Timing Pitfalls and Solutions: new developments
I've previously written an article about timing, but unfortunately the situation has gotten even worse since then. RDTSC is more broken than before and QPC now uses it instead of only marginally broken alternatives, so that leaves WinXP users on dual-core systems with a total lack of a decent timer.
The newly updated article (PDF) again describes the timing hardware, APIs, their problems, and workarounds. An important new development is a driver for the HPET timer that is a fairly clean solution to this entire mess.
The modalities of publication/distribution are not yet clear, but I'd love to hear your comments on the draft.
Hopefully this text will help people avoid all-too-frequent timing glitches :)
So if I understand this correctly, the only way to use reliable high-resolution timers on XP is to write a driver that needs to be deployed with application?
Your proposal seems useful when developing profilers, although profilers based on Monte-Carlo should work around this issue completely, because they work at time ranges far greater than the resolution of even GTC.

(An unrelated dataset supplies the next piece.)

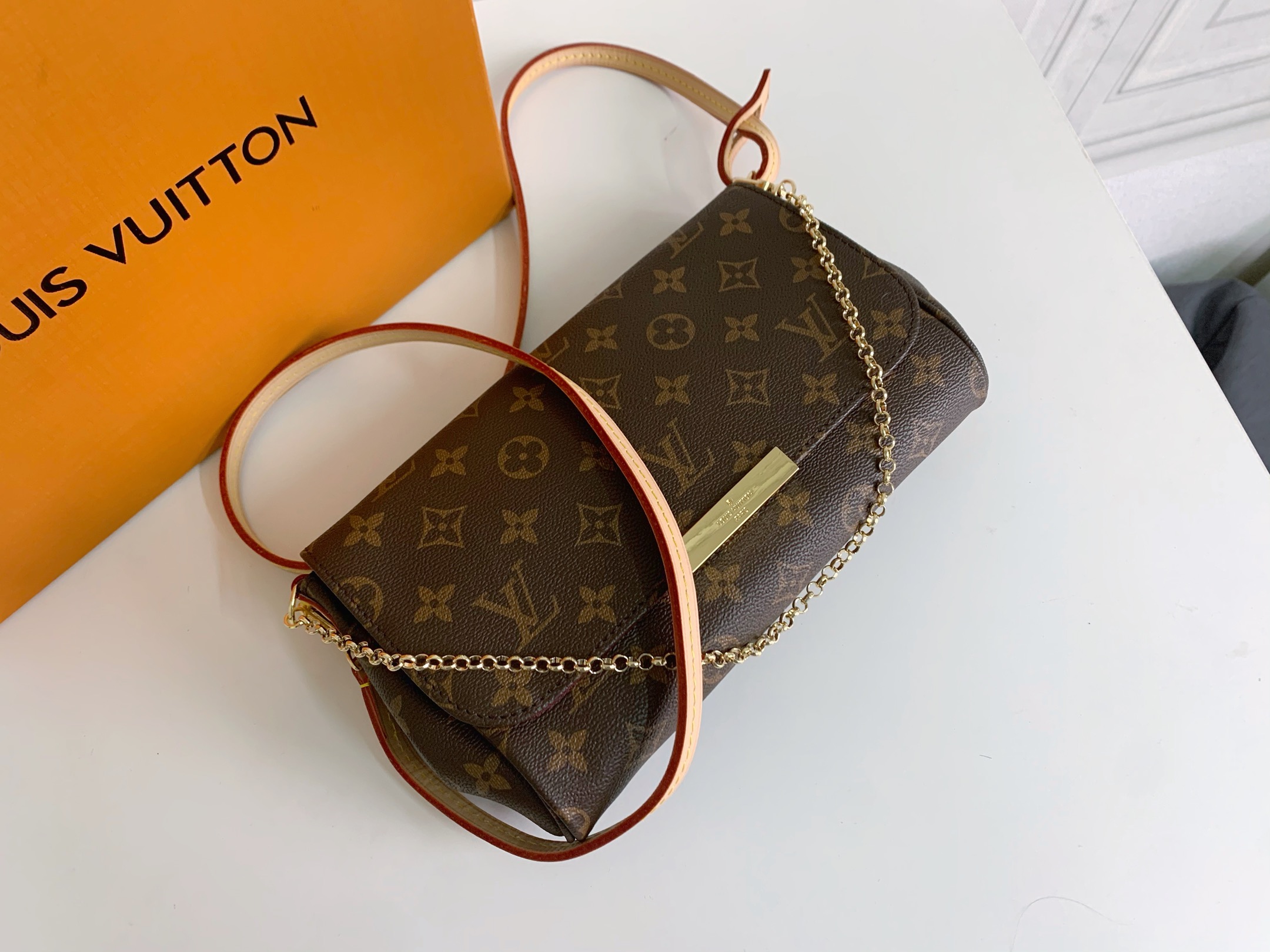 LV $40 gallery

I don't really see the issue of using (a wrapper around) GTC for games, though. With a 10-ms resolution, you can easily run a 60FPS game with reasonable video precision (the simulation precision is independent of timer precision anyway). I feel this point would deserve additional justification in the draft than a single sentence.

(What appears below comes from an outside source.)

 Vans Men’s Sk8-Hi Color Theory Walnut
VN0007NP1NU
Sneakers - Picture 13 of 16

I don't really see the issue of using (a wrapper around) GTC for games, though. With a 10-ms resolution, you can easily run a 60FPS game with reasonable video precision (the simulation precision is independent of timer precision anyway). I feel this point would deserve additional justification in the draft than a single sentence.
Pretty much, unless you're able to get all users to edit their boot.ini or install a hotfix (that's not pushed out via Windows Update, grr).

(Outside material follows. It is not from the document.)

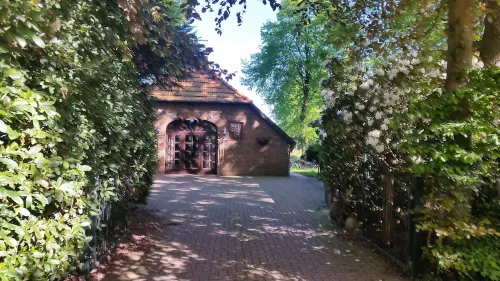 Vacation apartment "Kaminzimmer" in the 2-stall country house in the Rhodo garden.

Note that the driver can be loaded at runtime, so it doesn't need an installer or anything. It's distributed in the EXE directory as a .sys file, much like a .dll .
Note that the driver can be loaded at runtime, so it doesn't need an installer or anything. It's distributed in the EXE directory as a .sys file, much like a .dll .
I haven't read it in depth so I won't make many comments yet, but I noticed two things when just doing a quick read through:
- You say that an ideal timer should be a monotonically increasing source of UTC timestamps, but wouldn't a strictly increasing source of UTC timestamps be preferable? It would avoid cases where the change in time is perceived as 0seconds which could result in instability, division by zero and inefficiency if the programmer isn't careful to consider that case.
- In the references you list:
[Drepper 2006] Drepper, Ulrich: POSIX Option Groups. August 20 2006.
– URL http://www.steampowered.com/status/survey.html
The URL seems to be incorrect though.
- You say that an ideal timer should be a monotonically increasing source of UTC timestamps, but wouldn't a strictly increasing source of UTC timestamps be preferable? It would avoid cases where the change in time is perceived as 0seconds which could result in instability, division by zero and inefficiency if the programmer isn't careful to consider that case.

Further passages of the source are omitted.